Brief -
Please repeat every entry exactly as written, but skip the pictures.

── Records supplied ──

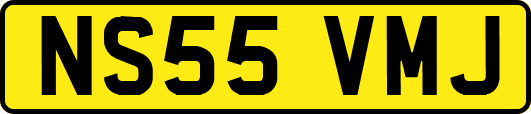 NS55VMJ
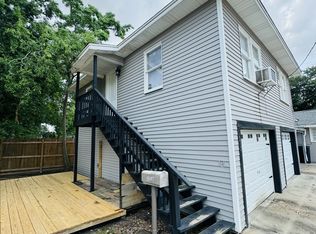 1315 Helena Ave, Nederland, TX 77627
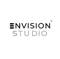 envision-studio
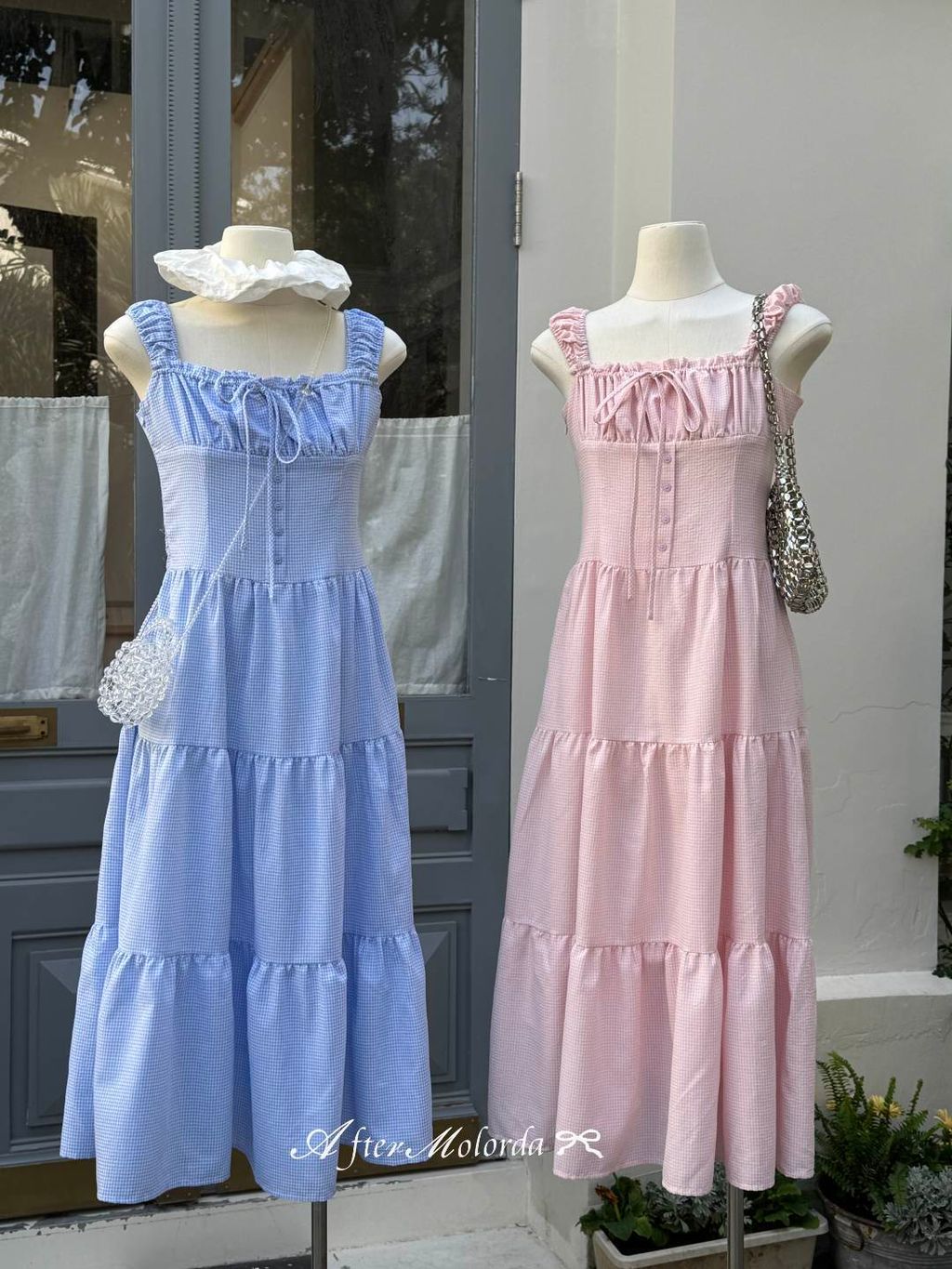 image_B51A2333-A31F-4500-9E0A-AB53B78127FD_1772877058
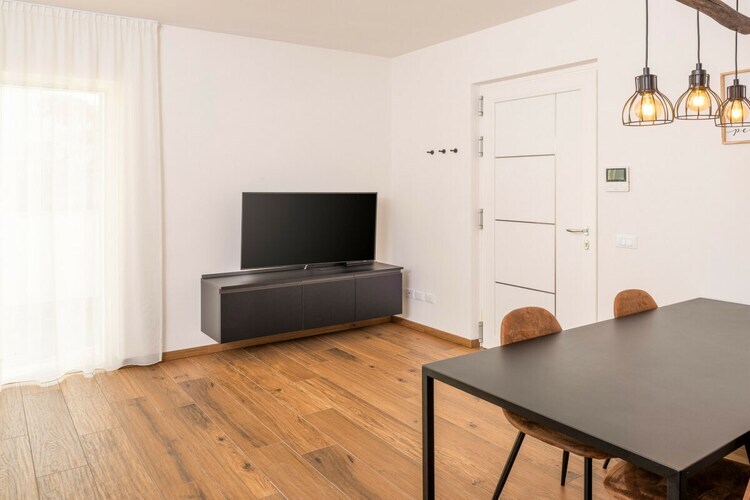 Maison 4 pers. avec piscine à Garda - Photo 8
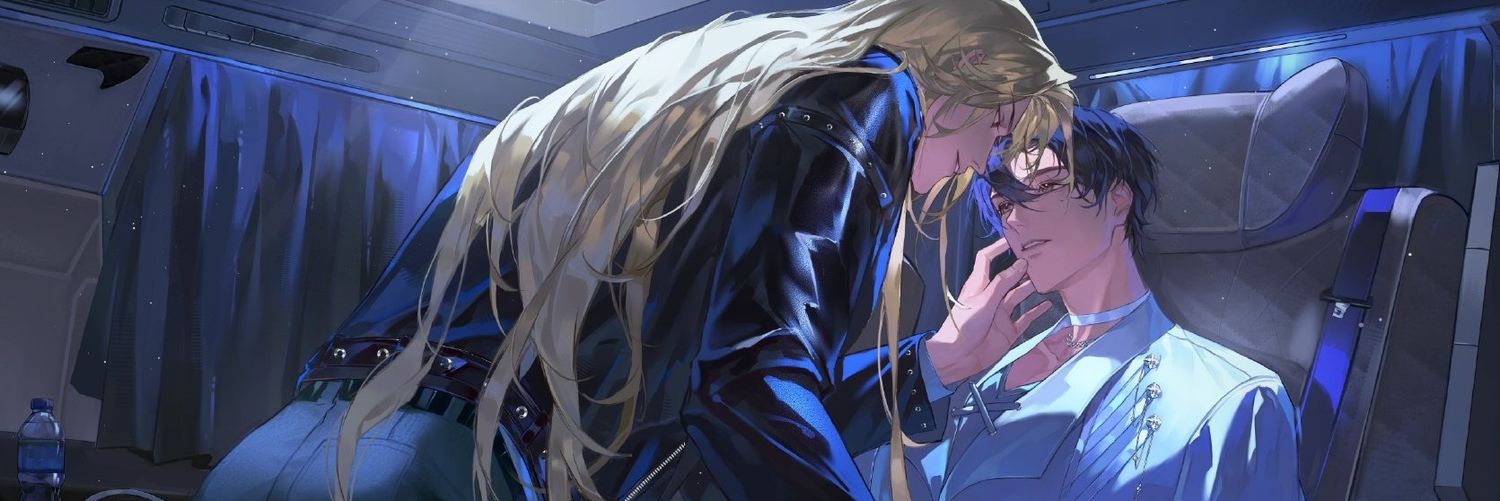tia🦜 banner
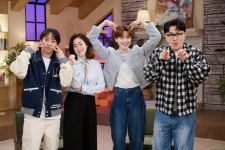 동물농장과 상생하길…데프콘 품고 새출발하는 동물은 훌륭하다 [종합]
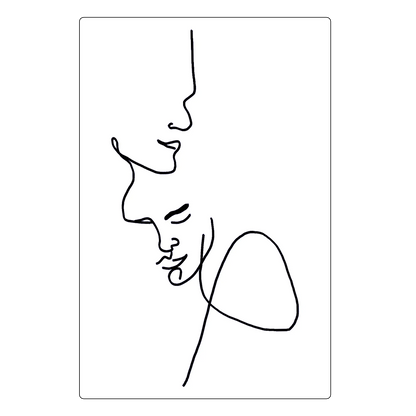 sticker miss your hug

───

Solution -
 NS55VMJ
 1315 Helena Ave, Nederland, TX 77627
 envision-studio
 image_B51A2333-A31F-4500-9E0A-AB53B78127FD_1772877058
 Maison 4 pers. avec piscine à Garda - Photo 8
tia🦜 banner
 동물농장과 상생하길…데프콘 품고 새출발하는 동물은 훌륭하다 [종합]
 sticker miss your hug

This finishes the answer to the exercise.